Before anything subtextual is read into that, this post is all about The Chocolate. Anyone who knows me understands that I am a foodaholic. Food seriously excites me. Put me in the streets of Venice and I’ll admire the Grand Canal out of the corner of my eye while seeking out the best pasta e fagioli in the city. Place me along the boulevards of Barcelona, and I’d fight for any morsel of paella not nailed down (or in someone’s mouth – well, that’s going too far.)
Mac and I visited Bologna, Italy, because it was the capital of bolognese sauce. We visit Singapore only for the food and stay with my siter to save money on accommodation!

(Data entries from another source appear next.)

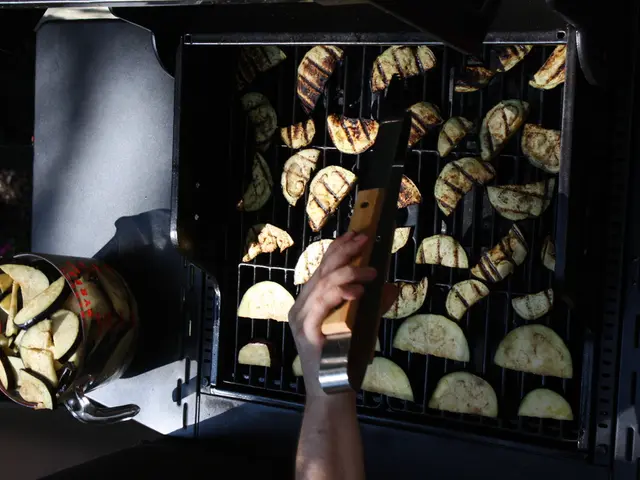 Del Ray neighborhood's eatery, Tortas Y Tacos La Chiquita, adjusts operation hours due to...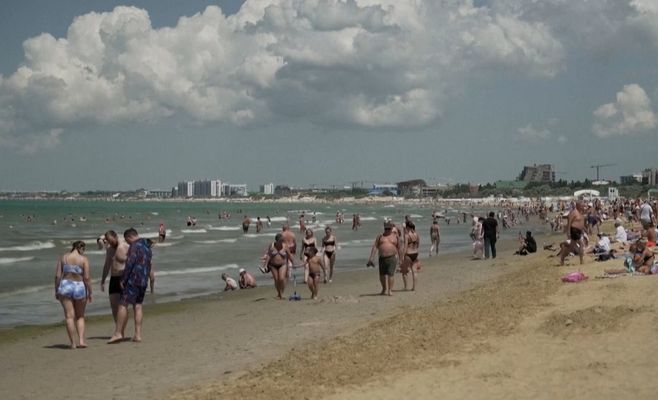War Has Reached Black Sea Resorts, But Russians Keep Coming Anyway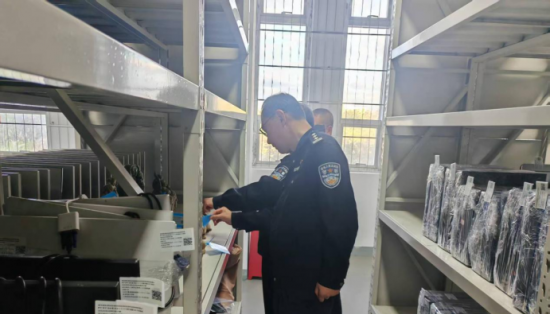 市公安局督查支隊(duì)、法制支隊(duì)蒞臨涉案財(cái)物管理中心開(kāi)展審查指導(dǎo)工作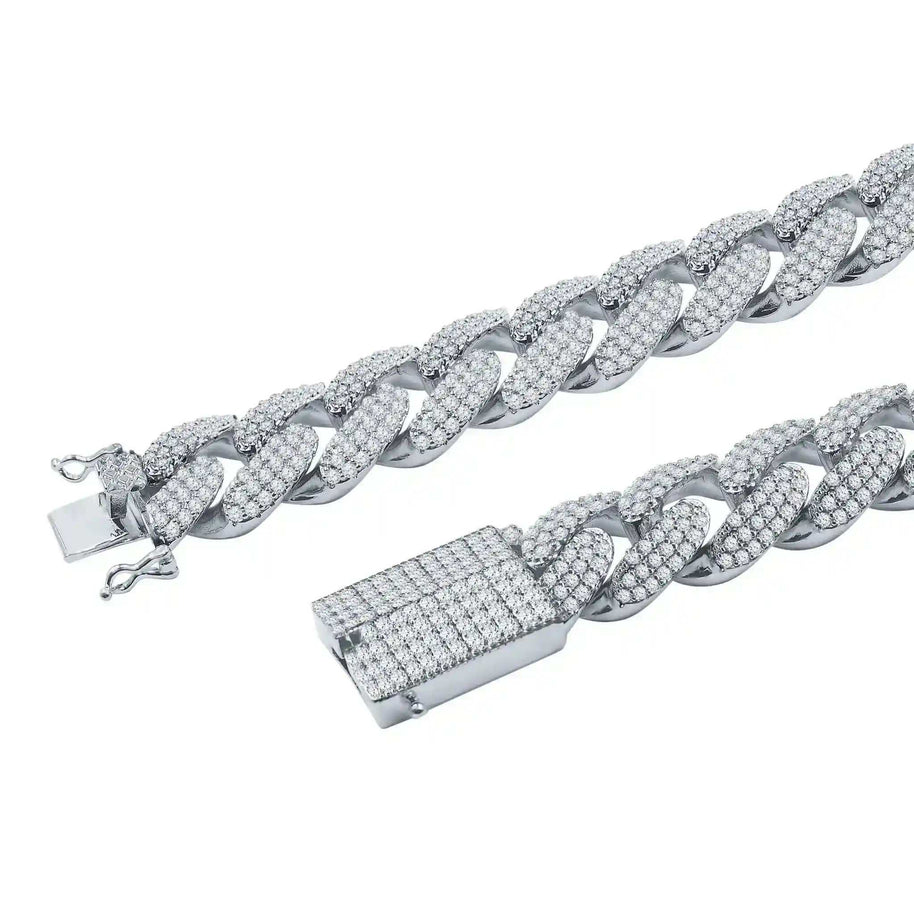 Stallion Iced 18 mm Cuban Chain with sparkling AAA-grade cubic zirconia and durable brass alloy finish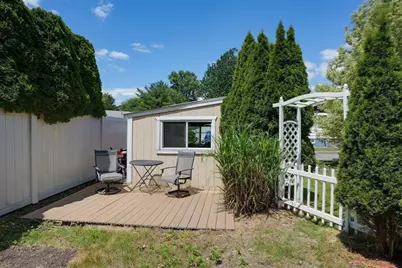 15 Jefferson Ave, Saugus, MA 01906 - Photo 13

To buy lunch. And dinner.
So. Food + Me = Love.
I used to pretend I wasn’t a sweet tooth. Don’t know why, but I discussed this with my eldest niece the other night and she said the same thing! We were both in denial, as we munched down her after dinner, fabulous citrus tart AND her homemade berry and mascarpone delight. They were tiny treats. We were starving! Don’t judge us.
Still, if you offered me a plate of Aglio e Olio with a glass of something red OR a dessert, I’d go the former. If I was on death row, a-la Lincoln Burrows in Prison Break, my last meal would have to involve pasta, cheese, herbs, tomatoes OR some sort of middle eastern bread, dip and pastry combo OR mum’s curried tuna from the 70s. I’m really that excited by it all!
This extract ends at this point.